Bitcoin/Tether (BTCUSDT) opened at $106,400 at 12:00 ET-1 and reached a high of $107,767 before closing at $102,511 at 12:00 ET. The 24-hour low was $103,000. Total volume amounted to 12,955.56 BTC, with a notional turnover of approximately $1.36 billion.

The 15-minute chart reveals a clear bearish breakdown. Price formed a bearish engulfing pattern near $107,080 and later a bearish harami pattern at $106,650, both suggesting momentum turning against bulls. Key support levels appear to form around the $104,000–$105,000 range, while resistance is evident at $106,600–$107,200. The 20-period and 50-period moving averages on the 15-minute chart both crossed below price, signaling short-term bearish bias. On the daily chart, the 50-day and 200-day moving averages are converging, with price currently below both, suggesting intermediate-term bearish momentum.

Volatility expanded dramatically after 14:45 ET, as a large candle at $103,929.42 opened on a high of $104,037 and closed at $103,904.54, while the following 15-minute candles continued downward. Price touched the lower Bollinger Band (around $103,185) near the end of the session, indicating extreme bearish pressure.
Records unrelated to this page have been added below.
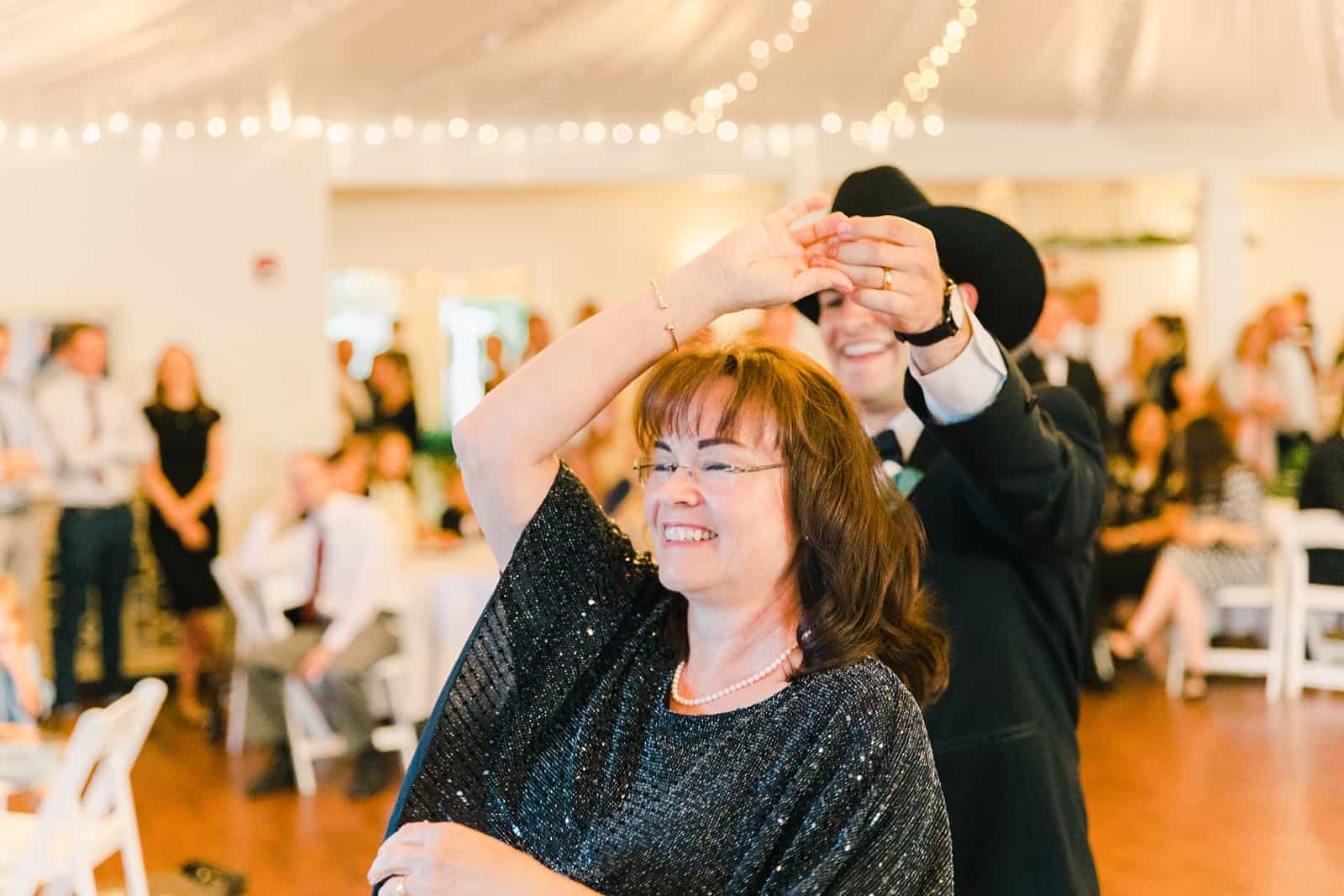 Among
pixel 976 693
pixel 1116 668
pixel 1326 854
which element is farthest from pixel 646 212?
pixel 976 693

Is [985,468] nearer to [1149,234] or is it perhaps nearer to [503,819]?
[503,819]

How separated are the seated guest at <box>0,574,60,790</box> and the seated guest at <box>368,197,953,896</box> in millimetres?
2328

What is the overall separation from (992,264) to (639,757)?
0.74 m

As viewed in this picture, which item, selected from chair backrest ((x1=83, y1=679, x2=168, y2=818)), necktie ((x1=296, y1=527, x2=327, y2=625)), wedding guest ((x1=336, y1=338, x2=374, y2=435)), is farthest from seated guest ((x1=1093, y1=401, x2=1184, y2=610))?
chair backrest ((x1=83, y1=679, x2=168, y2=818))

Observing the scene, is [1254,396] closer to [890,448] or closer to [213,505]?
[213,505]

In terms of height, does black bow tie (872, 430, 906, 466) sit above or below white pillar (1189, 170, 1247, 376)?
below

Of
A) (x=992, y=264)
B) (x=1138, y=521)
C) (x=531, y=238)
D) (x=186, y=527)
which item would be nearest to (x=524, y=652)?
(x=992, y=264)

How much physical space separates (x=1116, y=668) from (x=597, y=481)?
2833 millimetres

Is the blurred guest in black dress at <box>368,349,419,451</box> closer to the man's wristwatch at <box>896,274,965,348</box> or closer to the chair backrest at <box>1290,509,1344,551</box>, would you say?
the chair backrest at <box>1290,509,1344,551</box>

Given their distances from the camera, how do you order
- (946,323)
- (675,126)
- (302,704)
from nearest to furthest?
(946,323), (302,704), (675,126)

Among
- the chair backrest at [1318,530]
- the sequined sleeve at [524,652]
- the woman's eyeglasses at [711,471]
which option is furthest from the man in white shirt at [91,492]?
the woman's eyeglasses at [711,471]

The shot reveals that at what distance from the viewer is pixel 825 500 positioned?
4.74ft

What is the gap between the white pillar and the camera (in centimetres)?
898

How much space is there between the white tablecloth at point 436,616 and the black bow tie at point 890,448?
12.3 ft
MACD turned negative and the histogram showed bearish divergence. RSI fell below 30 during the final hours, suggesting oversold conditions that may attract short-term buyers.

Fibonacci retracements from the $106,400–$107,767 swing suggest key levels at 38.2% ($106,600), 50% ($107,084), and 61.8% ($107,568) for potential resistance. On the daily chart, the $104,249.19 low could act as near-term support.

Backtest Hypothesis
The backtesting strategy uses daily OHLC data to generate signals based on a dynamic support break, represented by price falling below the 50-day SMA. This is paired with MACD and RSI indicators, with default risk controls including a 15% stop-loss, 30% take-profit, and 90-day maximum holding period. The strategy’s performance over the 3-year period from 2022-01-01 to 2025-11-03 aims to validate the effectiveness of using dynamic support as a sell trigger in conjunction with momentum indicators. The dashboard includes trade-level details and equity curves, offering a data-driven framework for evaluating entry and exit logic against Bitcoin’s historically volatile trend.